What is being asked :: Print the data once more, exactly as supplied.

Top of Material supplied

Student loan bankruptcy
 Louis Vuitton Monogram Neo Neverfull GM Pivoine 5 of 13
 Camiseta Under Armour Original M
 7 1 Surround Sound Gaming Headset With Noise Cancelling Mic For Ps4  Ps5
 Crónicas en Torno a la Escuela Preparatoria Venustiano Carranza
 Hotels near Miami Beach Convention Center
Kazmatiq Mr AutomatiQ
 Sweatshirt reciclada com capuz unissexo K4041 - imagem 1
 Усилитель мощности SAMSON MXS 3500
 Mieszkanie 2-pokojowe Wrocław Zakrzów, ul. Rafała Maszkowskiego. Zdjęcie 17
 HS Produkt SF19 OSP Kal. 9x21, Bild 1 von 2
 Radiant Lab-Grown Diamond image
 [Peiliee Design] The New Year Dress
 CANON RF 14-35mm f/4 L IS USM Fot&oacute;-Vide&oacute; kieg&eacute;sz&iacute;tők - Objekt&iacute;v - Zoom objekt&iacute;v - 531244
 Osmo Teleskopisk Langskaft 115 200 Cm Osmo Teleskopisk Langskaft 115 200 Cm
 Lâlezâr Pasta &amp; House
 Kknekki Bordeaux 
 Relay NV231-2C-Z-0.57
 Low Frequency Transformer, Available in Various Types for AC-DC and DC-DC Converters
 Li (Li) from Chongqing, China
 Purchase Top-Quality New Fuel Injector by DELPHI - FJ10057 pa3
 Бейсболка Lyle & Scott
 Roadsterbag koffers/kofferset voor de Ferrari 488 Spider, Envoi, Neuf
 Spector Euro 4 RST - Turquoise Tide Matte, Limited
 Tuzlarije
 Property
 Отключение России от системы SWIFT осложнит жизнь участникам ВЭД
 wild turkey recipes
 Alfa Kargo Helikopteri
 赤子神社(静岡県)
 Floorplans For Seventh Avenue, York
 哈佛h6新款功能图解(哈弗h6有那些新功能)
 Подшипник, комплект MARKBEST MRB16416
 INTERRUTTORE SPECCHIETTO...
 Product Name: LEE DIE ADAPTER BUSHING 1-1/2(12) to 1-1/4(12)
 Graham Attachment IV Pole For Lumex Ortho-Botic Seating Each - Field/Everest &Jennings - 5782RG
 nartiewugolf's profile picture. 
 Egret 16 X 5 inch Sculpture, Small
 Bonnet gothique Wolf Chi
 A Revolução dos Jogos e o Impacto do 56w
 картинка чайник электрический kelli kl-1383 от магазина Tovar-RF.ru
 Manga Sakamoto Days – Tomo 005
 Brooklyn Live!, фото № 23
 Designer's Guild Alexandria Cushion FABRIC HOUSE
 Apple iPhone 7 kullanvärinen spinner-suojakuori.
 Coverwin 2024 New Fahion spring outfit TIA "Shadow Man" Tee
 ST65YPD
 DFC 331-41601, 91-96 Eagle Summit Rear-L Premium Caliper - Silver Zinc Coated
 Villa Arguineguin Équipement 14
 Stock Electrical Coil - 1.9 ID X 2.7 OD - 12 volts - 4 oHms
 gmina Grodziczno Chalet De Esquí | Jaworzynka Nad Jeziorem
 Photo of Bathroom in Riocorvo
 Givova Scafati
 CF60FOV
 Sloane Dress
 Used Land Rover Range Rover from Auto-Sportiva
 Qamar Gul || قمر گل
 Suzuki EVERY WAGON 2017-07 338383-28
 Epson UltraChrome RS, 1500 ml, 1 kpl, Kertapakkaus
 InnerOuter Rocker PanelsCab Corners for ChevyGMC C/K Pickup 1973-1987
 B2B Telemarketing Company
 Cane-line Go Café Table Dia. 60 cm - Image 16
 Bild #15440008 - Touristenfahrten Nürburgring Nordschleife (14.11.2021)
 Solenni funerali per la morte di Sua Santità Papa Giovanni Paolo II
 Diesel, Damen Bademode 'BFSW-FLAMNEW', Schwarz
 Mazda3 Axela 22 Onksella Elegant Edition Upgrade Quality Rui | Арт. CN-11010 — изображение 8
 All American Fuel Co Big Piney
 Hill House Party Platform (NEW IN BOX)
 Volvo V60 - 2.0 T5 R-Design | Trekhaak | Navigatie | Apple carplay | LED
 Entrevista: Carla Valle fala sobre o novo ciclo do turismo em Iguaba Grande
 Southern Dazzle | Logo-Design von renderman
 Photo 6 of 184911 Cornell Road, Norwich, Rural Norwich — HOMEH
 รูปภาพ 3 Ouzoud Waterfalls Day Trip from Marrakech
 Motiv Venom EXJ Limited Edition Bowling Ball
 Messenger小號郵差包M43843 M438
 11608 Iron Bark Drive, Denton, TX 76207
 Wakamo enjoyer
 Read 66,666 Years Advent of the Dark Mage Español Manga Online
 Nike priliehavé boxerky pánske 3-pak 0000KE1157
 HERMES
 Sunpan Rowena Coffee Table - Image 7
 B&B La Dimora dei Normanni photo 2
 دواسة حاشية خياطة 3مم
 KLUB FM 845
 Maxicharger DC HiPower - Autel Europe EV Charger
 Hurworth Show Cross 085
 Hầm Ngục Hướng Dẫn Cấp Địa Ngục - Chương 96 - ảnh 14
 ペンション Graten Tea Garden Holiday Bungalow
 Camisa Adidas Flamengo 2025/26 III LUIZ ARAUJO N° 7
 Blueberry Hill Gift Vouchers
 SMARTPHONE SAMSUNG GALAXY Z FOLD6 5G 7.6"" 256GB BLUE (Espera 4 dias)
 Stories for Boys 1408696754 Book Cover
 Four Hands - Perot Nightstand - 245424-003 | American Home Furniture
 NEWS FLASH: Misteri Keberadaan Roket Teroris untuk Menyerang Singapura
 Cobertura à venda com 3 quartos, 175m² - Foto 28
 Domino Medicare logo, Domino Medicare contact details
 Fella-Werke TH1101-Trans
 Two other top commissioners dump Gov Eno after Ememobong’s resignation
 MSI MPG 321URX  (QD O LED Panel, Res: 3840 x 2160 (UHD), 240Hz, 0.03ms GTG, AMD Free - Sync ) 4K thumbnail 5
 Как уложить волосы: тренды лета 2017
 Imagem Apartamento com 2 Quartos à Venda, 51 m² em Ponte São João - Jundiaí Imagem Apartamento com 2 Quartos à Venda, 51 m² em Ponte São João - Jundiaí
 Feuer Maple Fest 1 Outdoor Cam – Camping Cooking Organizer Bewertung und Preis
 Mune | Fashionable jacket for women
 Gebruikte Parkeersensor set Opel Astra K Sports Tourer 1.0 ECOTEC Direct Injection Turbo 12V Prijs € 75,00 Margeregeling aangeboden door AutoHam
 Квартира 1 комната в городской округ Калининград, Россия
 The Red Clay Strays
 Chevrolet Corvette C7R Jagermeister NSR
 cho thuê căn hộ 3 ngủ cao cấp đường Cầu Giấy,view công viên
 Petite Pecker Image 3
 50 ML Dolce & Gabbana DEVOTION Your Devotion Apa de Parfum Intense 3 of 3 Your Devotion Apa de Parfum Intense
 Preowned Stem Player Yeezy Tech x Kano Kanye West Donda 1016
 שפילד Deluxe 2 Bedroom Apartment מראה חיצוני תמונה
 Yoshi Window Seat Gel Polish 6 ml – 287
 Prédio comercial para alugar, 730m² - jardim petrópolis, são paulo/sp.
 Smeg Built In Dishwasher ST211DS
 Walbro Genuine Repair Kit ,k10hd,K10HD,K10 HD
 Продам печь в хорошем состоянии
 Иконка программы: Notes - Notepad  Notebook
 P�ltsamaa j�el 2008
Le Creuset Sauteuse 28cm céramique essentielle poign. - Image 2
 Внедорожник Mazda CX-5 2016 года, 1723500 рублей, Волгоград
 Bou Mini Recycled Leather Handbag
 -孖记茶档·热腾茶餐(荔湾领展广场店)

Bottom of Material supplied

Completed exercise ::
Student loan bankruptcy
 Louis Vuitton Monogram Neo Neverfull GM Pivoine 5 of 13
 Camiseta Under Armour Original M
 7 1 Surround Sound Gaming Headset With Noise Cancelling Mic For Ps4  Ps5
 Crónicas en Torno a la Escuela Preparatoria Venustiano Carranza
 Hotels near Miami Beach Convention Center
Kazmatiq Mr AutomatiQ
 Sweatshirt reciclada com capuz unissexo K4041 - imagem 1
 Усилитель мощности SAMSON MXS 3500
 Mieszkanie 2-pokojowe Wrocław Zakrzów, ul. Rafała Maszkowskiego. Zdjęcie 17
 HS Produkt SF19 OSP Kal. 9x21, Bild 1 von 2
 Radiant Lab-Grown Diamond image
 [Peiliee Design] The New Year Dress
 CANON RF 14-35mm f/4 L IS USM Fot&oacute;-Vide&oacute; kieg&eacute;sz&iacute;tők - Objekt&iacute;v - Zoom objekt&iacute;v - 531244
 Osmo Teleskopisk Langskaft 115 200 Cm Osmo Teleskopisk Langskaft 115 200 Cm
 Lâlezâr Pasta &amp; House
 Kknekki Bordeaux 
 Relay NV231-2C-Z-0.57
 Low Frequency Transformer, Available in Various Types for AC-DC and DC-DC Converters
 Li (Li) from Chongqing, China
 Purchase Top-Quality New Fuel Injector by DELPHI - FJ10057 pa3
 Бейсболка Lyle & Scott
 Roadsterbag koffers/kofferset voor de Ferrari 488 Spider, Envoi, Neuf
 Spector Euro 4 RST - Turquoise Tide Matte, Limited
 Tuzlarije
 Property
 Отключение России от системы SWIFT осложнит жизнь участникам ВЭД
 wild turkey recipes
 Alfa Kargo Helikopteri
 赤子神社(静岡県)
 Floorplans For Seventh Avenue, York
 哈佛h6新款功能图解(哈弗h6有那些新功能)
 Подшипник, комплект MARKBEST MRB16416
 INTERRUTTORE SPECCHIETTO...
 Product Name: LEE DIE ADAPTER BUSHING 1-1/2(12) to 1-1/4(12)
 Graham Attachment IV Pole For Lumex Ortho-Botic Seating Each - Field/Everest &Jennings - 5782RG
 nartiewugolf's profile picture. 
 Egret 16 X 5 inch Sculpture, Small
 Bonnet gothique Wolf Chi
 A Revolução dos Jogos e o Impacto do 56w
 картинка чайник электрический kelli kl-1383 от магазина Tovar-RF.ru
 Manga Sakamoto Days – Tomo 005
 Brooklyn Live!, фото № 23
 Designer's Guild Alexandria Cushion FABRIC HOUSE
 Apple iPhone 7 kullanvärinen spinner-suojakuori.
 Coverwin 2024 New Fahion spring outfit TIA "Shadow Man" Tee
 ST65YPD
 DFC 331-41601, 91-96 Eagle Summit Rear-L Premium Caliper - Silver Zinc Coated
 Villa Arguineguin Équipement 14
 Stock Electrical Coil - 1.9 ID X 2.7 OD - 12 volts - 4 oHms
 gmina Grodziczno Chalet De Esquí | Jaworzynka Nad Jeziorem
 Photo of Bathroom in Riocorvo
 Givova Scafati
 CF60FOV
 Sloane Dress
 Used Land Rover Range Rover from Auto-Sportiva
 Qamar Gul || قمر گل
 Suzuki EVERY WAGON 2017-07 338383-28
 Epson UltraChrome RS, 1500 ml, 1 kpl, Kertapakkaus
 InnerOuter Rocker PanelsCab Corners for ChevyGMC C/K Pickup 1973-1987
 B2B Telemarketing Company
 Cane-line Go Café Table Dia. 60 cm - Image 16
 Bild #15440008 - Touristenfahrten Nürburgring Nordschleife (14.11.2021)
 Solenni funerali per la morte di Sua Santità Papa Giovanni Paolo II
 Diesel, Damen Bademode 'BFSW-FLAMNEW', Schwarz
 Mazda3 Axela 22 Onksella Elegant Edition Upgrade Quality Rui | Арт. CN-11010 — изображение 8
 All American Fuel Co Big Piney
 Hill House Party Platform (NEW IN BOX)
 Volvo V60 - 2.0 T5 R-Design | Trekhaak | Navigatie | Apple carplay | LED
 Entrevista: Carla Valle fala sobre o novo ciclo do turismo em Iguaba Grande
 Southern Dazzle | Logo-Design von renderman
 Photo 6 of 184911 Cornell Road, Norwich, Rural Norwich — HOMEH
 รูปภาพ 3 Ouzoud Waterfalls Day Trip from Marrakech
 Motiv Venom EXJ Limited Edition Bowling Ball
 Messenger小號郵差包M43843 M438
 11608 Iron Bark Drive, Denton, TX 76207
 Wakamo enjoyer
 Read 66,666 Years Advent of the Dark Mage Español Manga Online
 Nike priliehavé boxerky pánske 3-pak 0000KE1157
 HERMES
 Sunpan Rowena Coffee Table - Image 7
 B&B La Dimora dei Normanni photo 2
 دواسة حاشية خياطة 3مم
 KLUB FM 845
 Maxicharger DC HiPower - Autel Europe EV Charger
 Hurworth Show Cross 085
 Hầm Ngục Hướng Dẫn Cấp Địa Ngục - Chương 96 - ảnh 14
 ペンション Graten Tea Garden Holiday Bungalow
 Camisa Adidas Flamengo 2025/26 III LUIZ ARAUJO N° 7
 Blueberry Hill Gift Vouchers
 SMARTPHONE SAMSUNG GALAXY Z FOLD6 5G 7.6"" 256GB BLUE (Espera 4 dias)
 Stories for Boys 1408696754 Book Cover
 Four Hands - Perot Nightstand - 245424-003 | American Home Furniture
 NEWS FLASH: Misteri Keberadaan Roket Teroris untuk Menyerang Singapura
 Cobertura à venda com 3 quartos, 175m² - Foto 28
 Domino Medicare logo, Domino Medicare contact details
 Fella-Werke TH1101-Trans
 Two other top commissioners dump Gov Eno after Ememobong’s resignation
 MSI MPG 321URX  (QD O LED Panel, Res: 3840 x 2160 (UHD), 240Hz, 0.03ms GTG, AMD Free - Sync ) 4K thumbnail 5
 Как уложить волосы: тренды лета 2017
 Imagem Apartamento com 2 Quartos à Venda, 51 m² em Ponte São João - Jundiaí Imagem Apartamento com 2 Quartos à Venda, 51 m² em Ponte São João - Jundiaí
 Feuer Maple Fest 1 Outdoor Cam – Camping Cooking Organizer Bewertung und Preis
 Mune | Fashionable jacket for women
 Gebruikte Parkeersensor set Opel Astra K Sports Tourer 1.0 ECOTEC Direct Injection Turbo 12V Prijs € 75,00 Margeregeling aangeboden door AutoHam
 Квартира 1 комната в городской округ Калининград, Россия
 The Red Clay Strays
 Chevrolet Corvette C7R Jagermeister NSR
 cho thuê căn hộ 3 ngủ cao cấp đường Cầu Giấy,view công viên
 Petite Pecker Image 3
 50 ML Dolce & Gabbana DEVOTION Your Devotion Apa de Parfum Intense 3 of 3 Your Devotion Apa de Parfum Intense
 Preowned Stem Player Yeezy Tech x Kano Kanye West Donda 1016
 שפילד Deluxe 2 Bedroom Apartment מראה חיצוני תמונה
 Yoshi Window Seat Gel Polish 6 ml – 287
 Prédio comercial para alugar, 730m² - jardim petrópolis, são paulo/sp.
 Smeg Built In Dishwasher ST211DS
 Walbro Genuine Repair Kit ,k10hd,K10HD,K10 HD
 Продам печь в хорошем состоянии
 Иконка программы: Notes - Notepad  Notebook
 P�ltsamaa j�el 2008
Le Creuset Sauteuse 28cm céramique essentielle poign. - Image 2
 Внедорожник Mazda CX-5 2016 года, 1723500 рублей, Волгоград
 Bou Mini Recycled Leather Handbag
 -孖记茶档·热腾茶餐(荔湾领展广场店)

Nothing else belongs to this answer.